Shergottites are mafic to ultramafic in composition. For the non-geology folk out there, this simply refers to the mineral composition of the rock. Think of mafic as being shorthand for high in magnesium (Mg) and iron (F). These rocks are predominantly made from minerals that crystallized at great depths in the martian crust. Such minerals would include olivines, pyroxenes and some plagioclase.

In the case of this shergottite, we’re looking at all three minerals. The opaque minerals are mostly pyroxene with some olivine and the transparent ones are a type of plagioclase called maskelynite. This mineral is really neat because it looks like glass under different microscopic views, but it’s chemical composition betrays it as a member of the plagioclase family. The current hypothesis is that maskelynite recrystalizes from plagioclase after being subjected to high pressure in a very short amount of time.

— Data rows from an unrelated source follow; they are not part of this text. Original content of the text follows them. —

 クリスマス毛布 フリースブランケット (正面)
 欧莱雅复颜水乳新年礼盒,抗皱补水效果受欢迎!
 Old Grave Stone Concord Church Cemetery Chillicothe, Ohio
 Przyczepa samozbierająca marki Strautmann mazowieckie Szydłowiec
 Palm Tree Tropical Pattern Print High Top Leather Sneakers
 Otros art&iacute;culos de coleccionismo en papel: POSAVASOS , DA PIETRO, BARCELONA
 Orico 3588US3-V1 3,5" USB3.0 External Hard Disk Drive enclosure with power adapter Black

These conditions are created from large meteorite impacts that generate shock waves and melt the plagioclase. Consequently, maskelynite has been found at impact craters on earth as well (1).

If you’re curious and want to learn more, I highly recommend checking out the website for the Northern Arizona Meteorite Laboratory. They have some gorgeous images of shergottites along with other meteorites. The information can get kind of technical because it contains the chemical breakdown of the minerals, but there’s still quite a bit that’s understandable without a science background.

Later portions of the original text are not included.